In the day they worriedly watched us drive away together, but they felt protected by the light, convinced things would remain above board as long as we had a stark overcast sky above us. And things did. When night fell they sat firmly in their chairs, next to us, past the time they usually went to bed, waiting for us to part ways for the night. I felt guilty. I looked down at the floor more, though I hadn’t done anything wrong. The atmosphere in there made me think that I had, or was about to, like I was being pushed off a gangplank.
Our friendship might be too precious to disrupt, but the pain of not disrupting it is intolerable. Still, somehow, I am tolerating it. I wish humans could be more resilient. That not sex but something more noble, like work, was man’s preferred downfall. But it’s that simplistic game, the not-knowing, the gentle shifts in your behavior from brotherly to affectionate to sexual to completely unreadable, that I like best. Eleven years ago I walked through a parking lot in winter thinking of you, and moments later you appeared, sitting in the passenger seat of your father’s car. I could have been with you, could have spent the holidays with you, but instead I cowered in my own house, not telling anyone I was around, and thought of you the entire time.
That day you looked up from the seat of the car quizzically, and you seemed so small and so far away. So young, mostly. Then, the friendship was too delicate to even touch, let alone add to.
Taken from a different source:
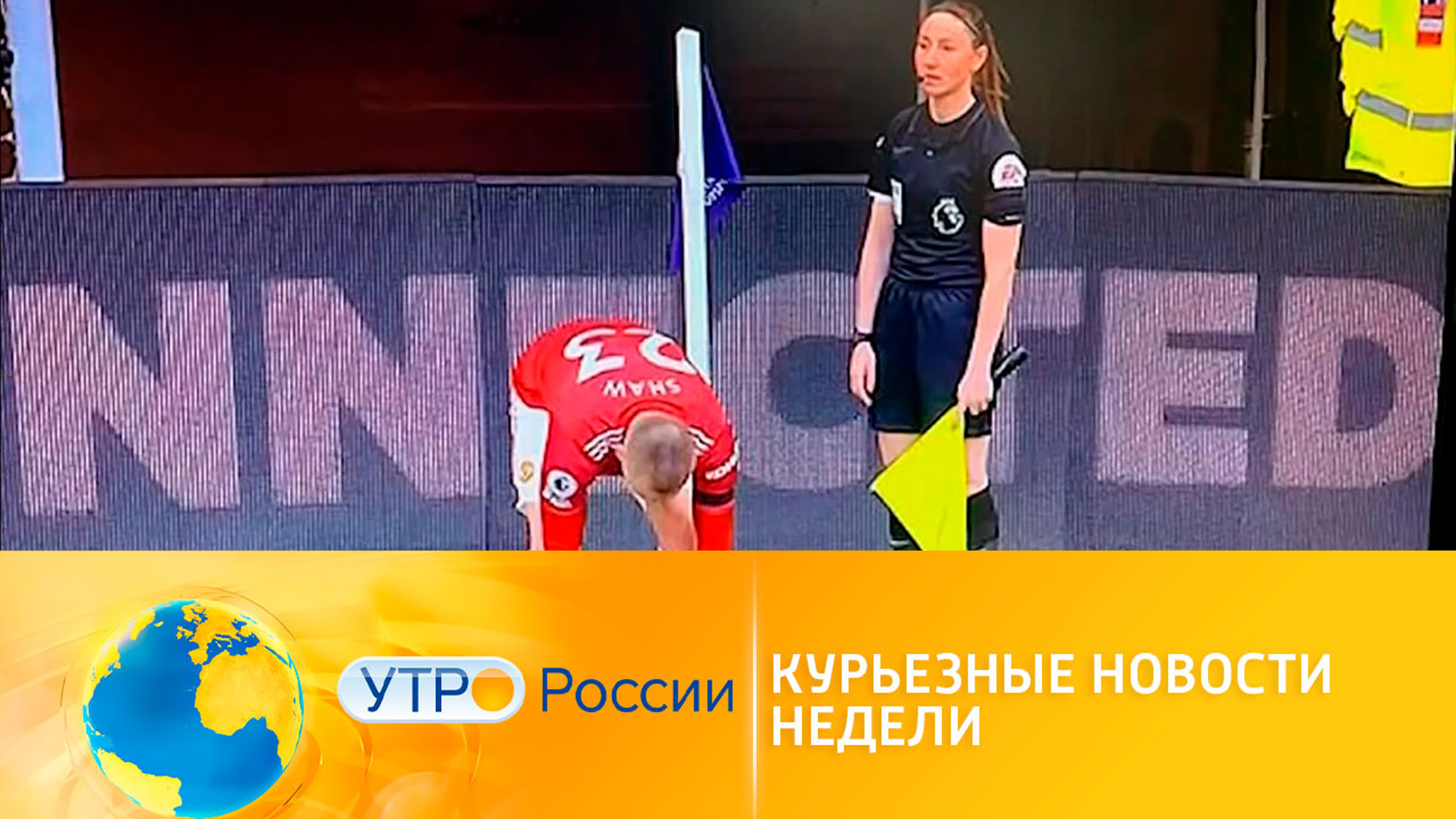 Курьезные новости недели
I was too afraid to even be in your presence. I think I knew better then, because now I’m not afraid. I will plow ahead with all the actions you suggest we make, replicate all the gestures you make, try to reflect back the same warmth that I see on your face. It’s very difficult, someone said to me the other day, for men and women to just be friends without becoming closer and closer. Those words haunt me.
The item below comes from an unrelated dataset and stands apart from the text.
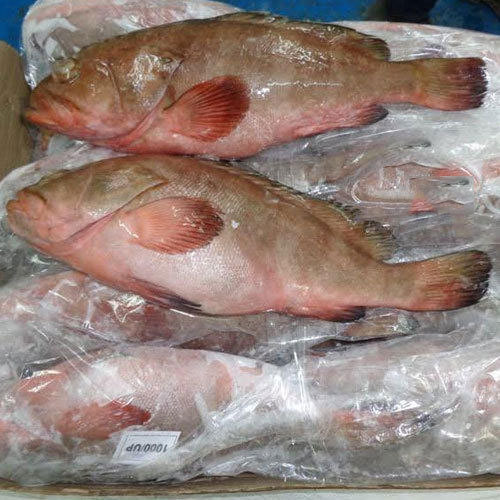 Whole Frozen Reef Cod Fish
They worry, but look at all the time you’ve been given to be responsible. You’re only just beginning your life, they think, and here I am dangling some distraction in front of you. But you’re old. So am I. And I want to scream at them that it’s your fault. You’re the bad one, the distracting one, the one looking for any out. I guess we’re a team in that.
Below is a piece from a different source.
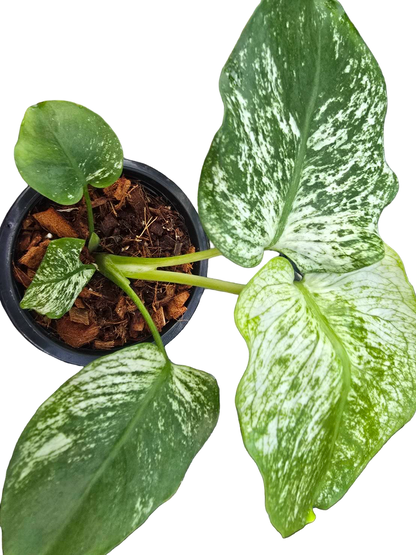 Monstera Deliciosa “Devil Monster” TC Seedlings (4-Inch Pot)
But we’re not a real team if we can’t do anything together except daydream, run away, play with each other’s emotions, and complain about all the things we’re trying so hard to push out of view. Some animal in me thinks that you’re enough to go on. That none of the other things in the vista matter. But they do matter, if only in the sense that they are the currency with which I could eventually earn you. I’ve already earned your friendship, but anything more will have to be fought for. In 20 more years, I fear – or is it hope? – that somewhere in me the fight will still be going on, no matter what else is.